* **Your instructions**
Please retype the entries exactly as they stand, leaving out any pictures.

* **Extracted data entries**
::::

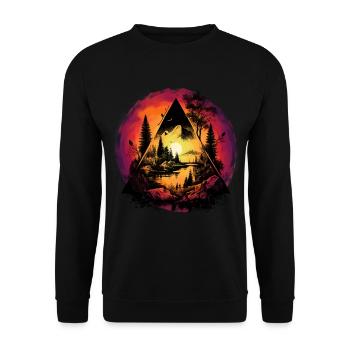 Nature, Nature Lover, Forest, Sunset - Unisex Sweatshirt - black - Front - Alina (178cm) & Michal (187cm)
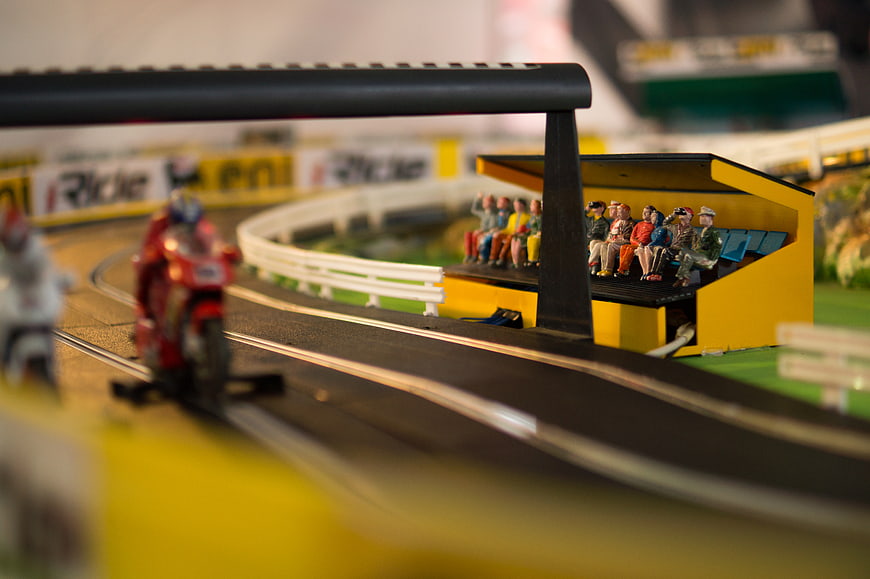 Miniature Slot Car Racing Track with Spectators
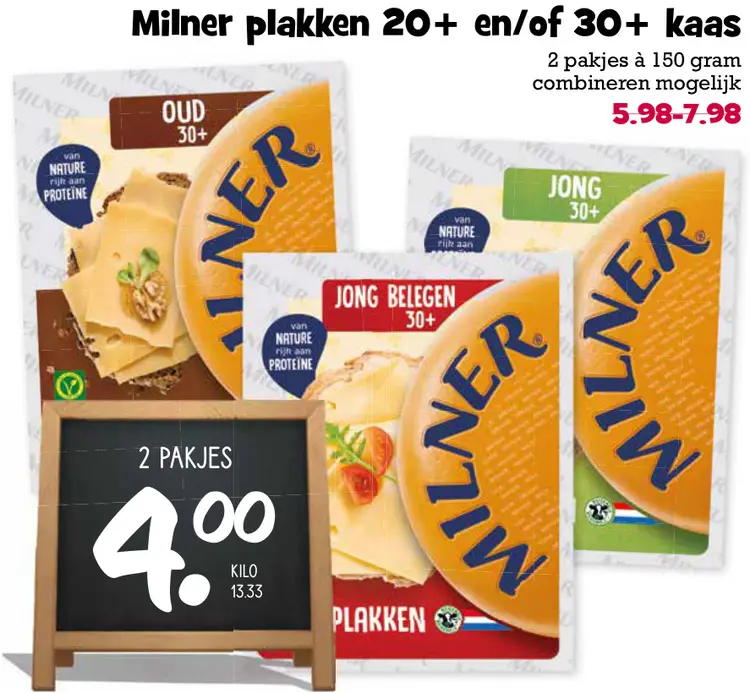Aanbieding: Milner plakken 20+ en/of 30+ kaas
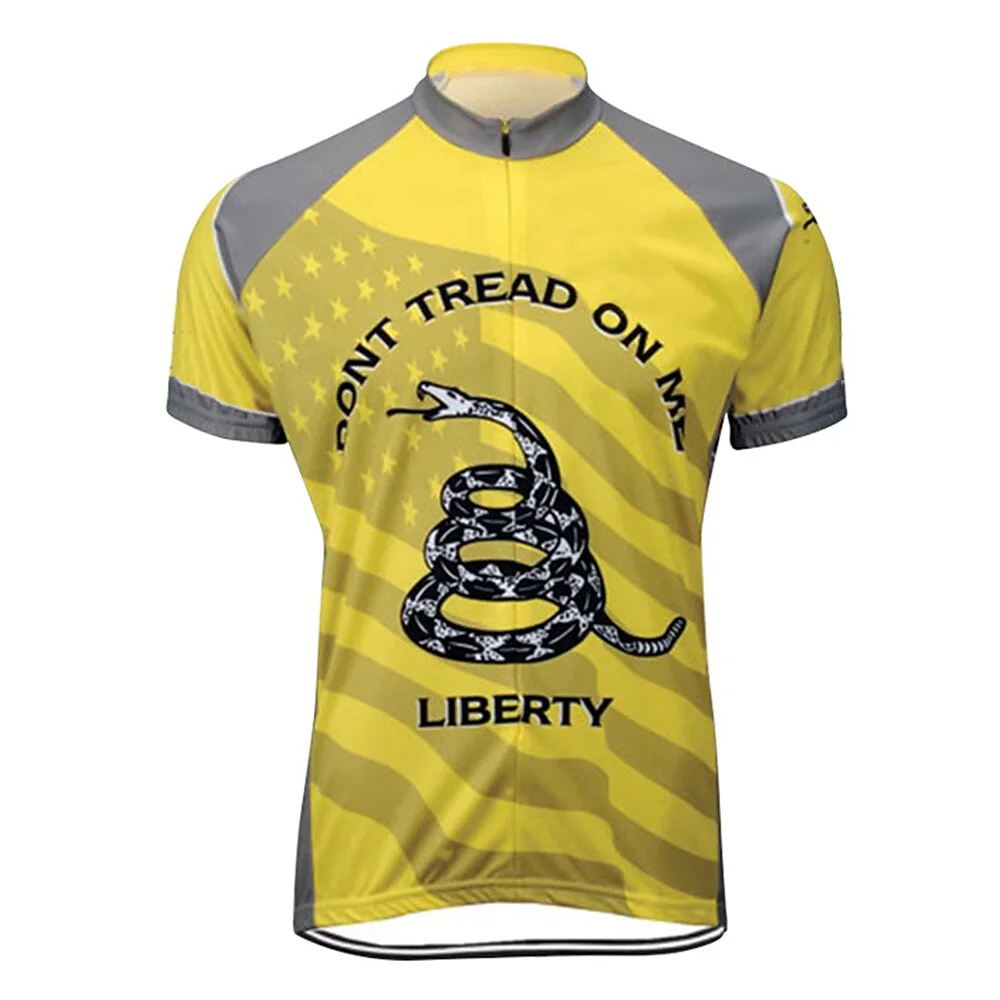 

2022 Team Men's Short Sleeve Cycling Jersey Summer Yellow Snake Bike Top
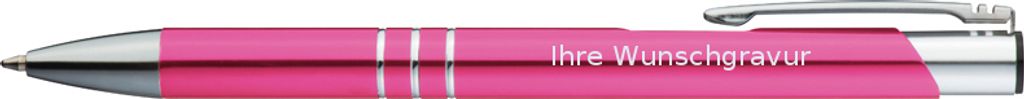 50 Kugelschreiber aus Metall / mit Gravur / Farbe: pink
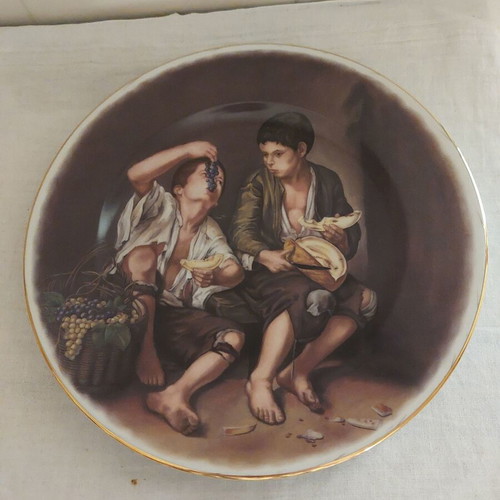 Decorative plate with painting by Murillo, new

::::

* **Response to the task**
 Nature, Nature Lover, Forest, Sunset - Unisex Sweatshirt - black - Front - Alina (178cm) & Michal (187cm)
 Miniature Slot Car Racing Track with Spectators
Aanbieding: Milner plakken 20+ en/of 30+ kaas

2022 Team Men's Short Sleeve Cycling Jersey Summer Yellow Snake Bike Top
 50 Kugelschreiber aus Metall / mit Gravur / Farbe: pink
 Decorative plate with painting by Murillo, new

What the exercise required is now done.